BEGIN

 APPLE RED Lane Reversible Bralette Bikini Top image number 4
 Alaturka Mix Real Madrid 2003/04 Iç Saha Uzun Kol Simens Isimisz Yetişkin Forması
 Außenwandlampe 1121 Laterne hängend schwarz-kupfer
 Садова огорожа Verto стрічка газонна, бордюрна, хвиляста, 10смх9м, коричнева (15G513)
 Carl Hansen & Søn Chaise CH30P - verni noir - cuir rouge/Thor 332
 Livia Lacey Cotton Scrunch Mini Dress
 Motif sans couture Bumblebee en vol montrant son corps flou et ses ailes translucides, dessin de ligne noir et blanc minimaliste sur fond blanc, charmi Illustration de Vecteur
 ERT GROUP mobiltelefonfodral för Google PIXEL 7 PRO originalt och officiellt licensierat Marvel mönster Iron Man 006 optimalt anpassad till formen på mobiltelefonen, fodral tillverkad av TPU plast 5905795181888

END

> [Required work] The reply must present every entry, transcribed with its exact wording.

> [Answer to this problem]
 APPLE RED Lane Reversible Bralette Bikini Top image number 4
 Alaturka Mix Real Madrid 2003/04 Iç Saha Uzun Kol Simens Isimisz Yetişkin Forması
 Außenwandlampe 1121 Laterne hängend schwarz-kupfer
 Садова огорожа Verto стрічка газонна, бордюрна, хвиляста, 10смх9м, коричнева (15G513)
 Carl Hansen & Søn Chaise CH30P - verni noir - cuir rouge/Thor 332
 Livia Lacey Cotton Scrunch Mini Dress
 Motif sans couture Bumblebee en vol montrant son corps flou et ses ailes translucides, dessin de ligne noir et blanc minimaliste sur fond blanc, charmi Illustration de Vecteur
 ERT GROUP mobiltelefonfodral för Google PIXEL 7 PRO originalt och officiellt licensierat Marvel mönster Iron Man 006 optimalt anpassad till formen på mobiltelefonen, fodral tillverkad av TPU plast 5905795181888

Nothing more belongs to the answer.